By Paul Hughes, Republican-American
HARTFORD — Gov. Ned Lamont on Tuesday proposed to continue the state’s school mask mandate beyond Sept. 30 when his COVID-19 emergency orders are due to expire.
Lamont confirmed Tuesday he wants the full legislature to approve at least another 90-day extension of his emergency powers because of the ongoing threat to health and safety caused by the coronavirus.
He said the public health order requiring the wearing of masks or cloth face coverings inside school buildings is one of 10 emergency orders he wants to keep in place. He said he foresees a need to continue the school mask mandate for as many as six weeks.
“I just think it should continue a little bit longer. We’ve got not just delta, but mu,” Lamont said, referring to coronavirus variants now circulating in the state. “We’ve got flu season. The flu is coming up from the Southern states. I think we’ll know a lot more in six weeks.”
The governor spoke to reporters Tuesday morning at Dunkin’ Donuts Park in Hartford before his chief of staff and general counsel briefed legislative leaders on the administration’s position on the next steps in the pandemic response and the emergency orders that should be retained.
“What I want is legislative input on the executive orders, and I’d like to know where they stand. I’d like to have their fingerprints on this decision,” he said. “When we work together, we’re a lot stronger.”
Democratic majority leaders have expressed support for extending the governor’s declarations of public health and civil preparedness emergency for a sixth time since March 2020, and Republican minority leaders have steadfastly opposed another extension.
The Democrat-controlled legislature has now voted twice to extend Lamont’s emergency authority since temporarily changing the public health and civil preparedness emergency statutes in May to require the full General Assembly’s approval of extensions through March 2022.
No GOP lawmakers supported the last extension in July. Four Democratic senators and nine Democratic representatives also voted against the renewals of the two emergency declarations that grant the governor sweeping powers to set rules and suspend or modify state laws, regulations and requirements.
“I’ve tried to use the executive powers very narrowly related to COVID and public health, and I think that has given them some confidence that we are not going to abuse this authority,” Lamont said.
He noted the temporary statutory changes enacted in May also authorize a select committee of the six top House and Senate leaders to reject any executive orders issued under the governor’s emergency powers within a 36-hour window.

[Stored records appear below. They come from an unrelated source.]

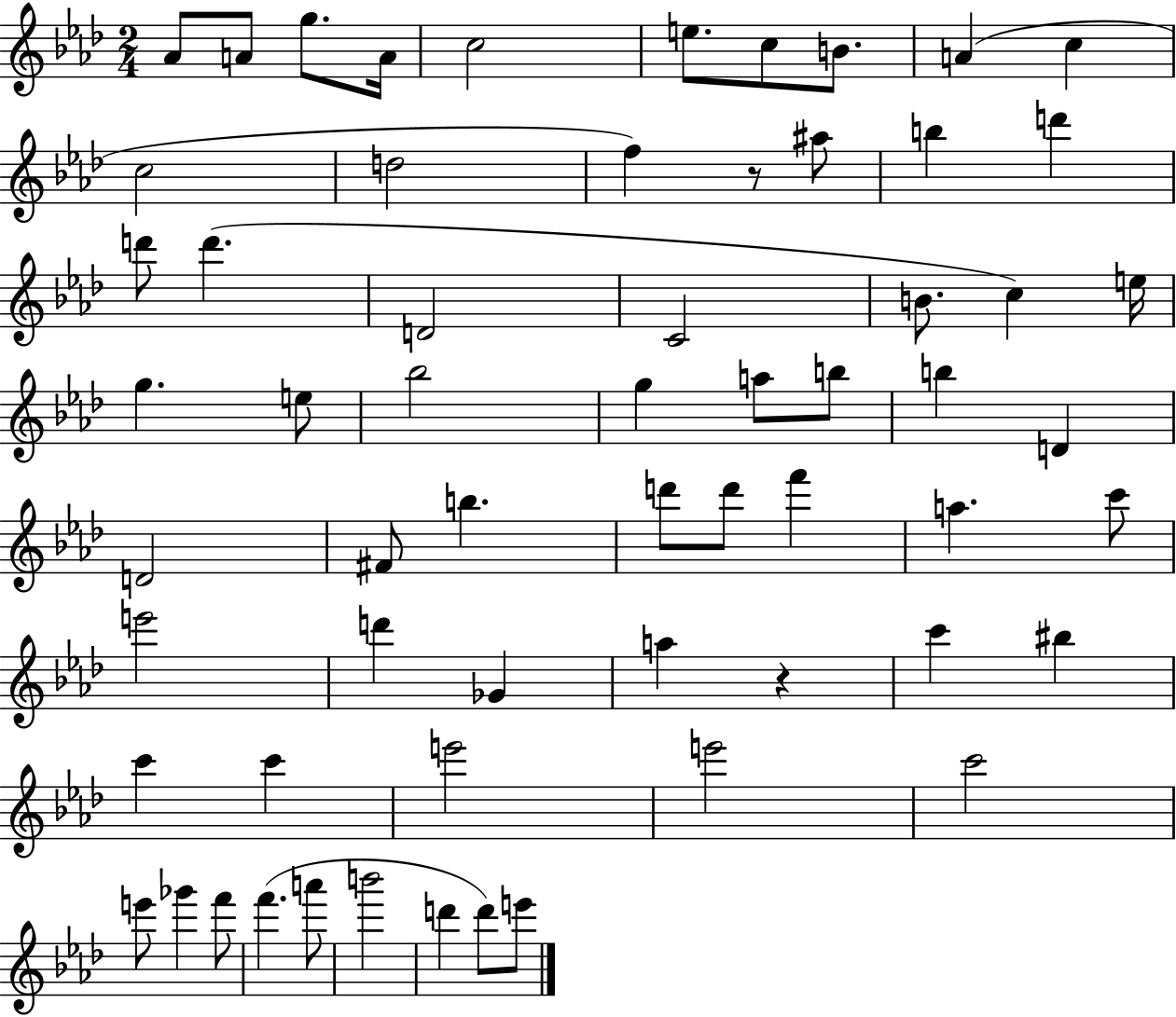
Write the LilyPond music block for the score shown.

{
  \clef treble
  \numericTimeSignature
  \time 2/4
  \key aes \major
  \repeat volta 2 { aes'8 a'8 g''8. a'16 | c''2 | e''8. c''8 b'8. | a'4( c''4 | \break c''2 | d''2 | f''4) r8 ais''8 | b''4 d'''4 | \break d'''8 d'''4.( | d'2 | c'2 | b'8. c''4) e''16 | \break g''4. e''8 | bes''2 | g''4 a''8 b''8 | b''4 d'4 | \break d'2 | fis'8 b''4. | d'''8 d'''8 f'''4 | a''4. c'''8 | \break e'''2 | d'''4 ges'4 | a''4 r4 | c'''4 bis''4 | \break c'''4 c'''4 | e'''2 | e'''2 | c'''2 | \break e'''8 ges'''4 f'''8 | f'''4.( a'''8 | b'''2 | d'''4 d'''8) e'''8 | \break } \bar "|."
}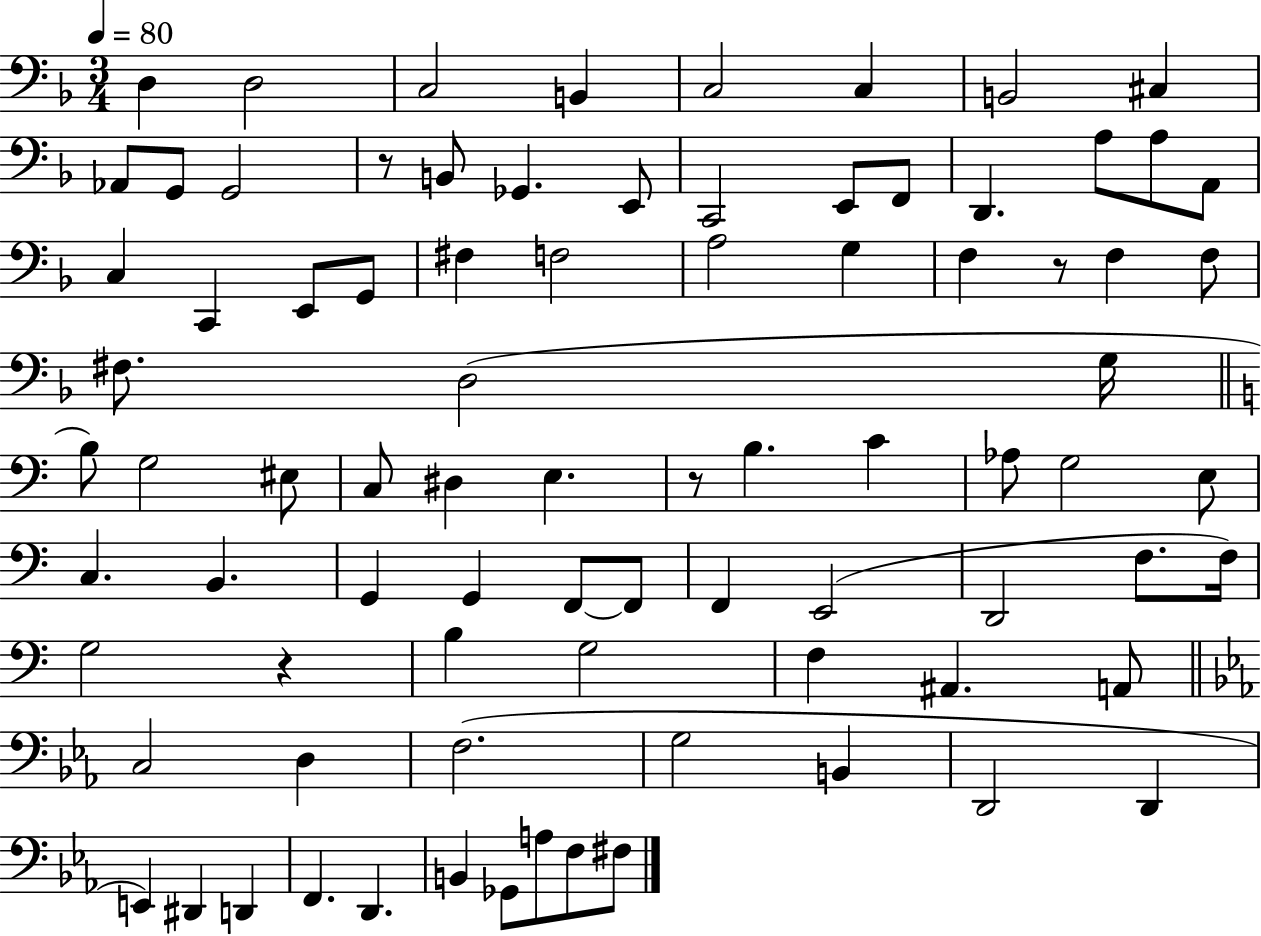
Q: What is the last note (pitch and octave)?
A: F#3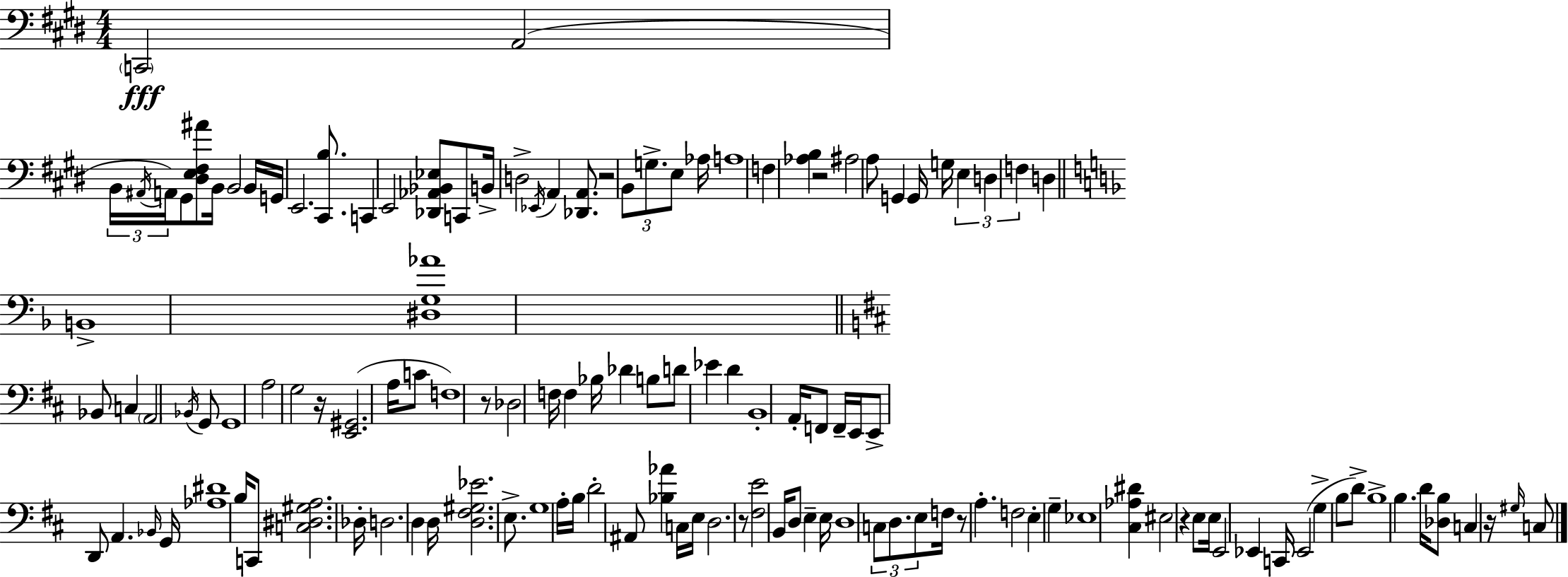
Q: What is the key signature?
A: E major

Lamont said he believes the school mask mandate is necessary to continue because no COVID-19 vaccines have been approved for children younger than 12. Only the Pfizer-BioNTech vaccine has emergency authorization to be administered to adolescents ages 12 to 17.
He also said he believes the requirement must be universal, rather than allowing school districts discretion to impose masking rules for some or all their schools.
“None of our kids under 12 are vaccinated. There is no difference school district by school district. I think that is why that it was important that we have a mandate to keep kids safe and keep kids in school,” Lamont said. “Look what is going on in Georgia. They’re quarantining. They’re not even playing football in Georgia.”
Dozens of school districts and charter networks in Georgia have had their school schedules disrupted because of COVID-19, according to news reports. High school football games have also been canceled, postponed or forfeited in Georgia due to COVID-19 concerns.
In Connecticut, there were close to 400 reported COVID-19 cases among elementary, middle and high schools students in the 2021-22 school year through Sept. 9, and nearly 100 cases among teachers and other school staff, according to the latest available numbers. Those numbers include private and public schools.
In contrast, there were 7,288 staff cases in the 2020-21 school year and 23,656 student cases, including 17,317 involving students who attended classes in-person part- or full-time.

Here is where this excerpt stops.